In much of sub-Saharan Africa and south Asia where four out of five child deaths occur, there are few doctors and almost no pathologists. Standard medical investigations of the causes of death are unknown. In many cases, there is no official record of death at all.

In the few areas where cause of death is investigated, it is almost exclusively by “verbal autopsies.” Parents are asked, typically three months after their loss, about the circumstances surrounding their child’s death. While they may be able to say that their baby suffered from rapid breathing or diarrhea, they have no way of identifying what caused these symptoms.

This is particularly the case for the 40% of deaths that occur in the first month of life. Indeed, in many cases the cause of death for the youngest children is recorded simply as “neonatal death.” This gives no clue as to why a baby fell ill nor helps us prevent other families from suffering the same tragedy.

It is to provide this information that the Child Health and Mortality Prevention Surveillance – or CHAMPS – initiative, supported by the Bill & Melinda Gates Foundation, has been launched. CHAMPS is a long-term initiative led by the Emory Global Health Institute, with the International Association of National Public Health Institutes, CDC, Task Force for Global Health and other partners. CHAMPS eventually will involve some 20 sites in the areas where most children die so that causes of death can be pinpointed far more accurately and progress tracked as vaccines and other programmes are introduced.

These sites will make use of a new technique that allows tiny samples of key organs such as the liver and lung to be taken with a needle, causing minimal damage to the body of a deceased child. The samples will then be sent for analysis to strengthened local labs and reference centers to enable a more accurate and complete picture of all causes of death.

Each site will also build capacity of the public health systems of the partner governments, providing valuable data and technical support that will have an impact far beyond helping reduce child mortality. Its surveillance centres will also generate the data needed to tackle infectious diseases generally, give early warning of epidemics and improve global health security.

These are still early days for the CHAMPS initiative. The sites – six of which are being funded by the Gates Foundation through an initial $73 million grant for the first three years – are just being established. More partners and more funding will be needed to expand the network and operate it over the long-term. It will take time for clear results to come through.

But we already know the concern that parents would be reluctant to allow tests on their deceased child is overstated. On the contrary, our experience so far shows that parents are strongly interested in finding out what killed their child. At a well-established pilot site in Soweto, South Africa, both mothers and fathers are coming back for the results of the testing on their deceased children – an unprecedented level of interest.

We also know the information that will be provided is more important than ever. Experience from successful health campaigns such as eradicating polio or controlling Ebola show that while early progress can be achieved relatively easily, long-term and lasting results require enormous effort and very accurate surveillance data.
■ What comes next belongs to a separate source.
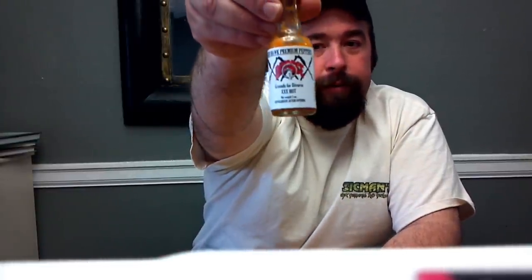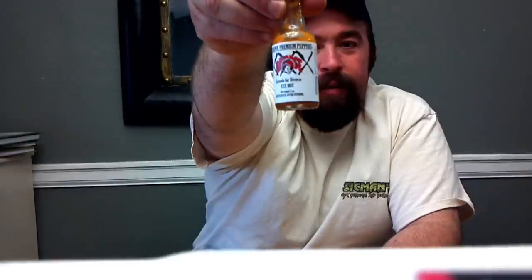Yeah, really good, Dan. You're doing it. Once again, Red Hot Premium Peppers, Grounds for Divorce — what they call GFD. Alright y'all, until the next one. Holler at ya.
This is what the CHAMPS initiative will provide.

There are many possible interventions – such as providing folic acid to prevent birth defects, using new vaccines, or treating infections earlier – that we know will have an impact. CHAMPS will give us the information to decide which measures to prioritize.

that we know will have an impact. CHAMPS will give us the information to decide which measures to prioritize.

After 20 years in public health I believe that this work may have the greatest impact of anything in which I have been involved. By accurately tracking the causes of child mortality, we can more precisely target treatments and usher in a new era, in which preventable child deaths belongs to the past.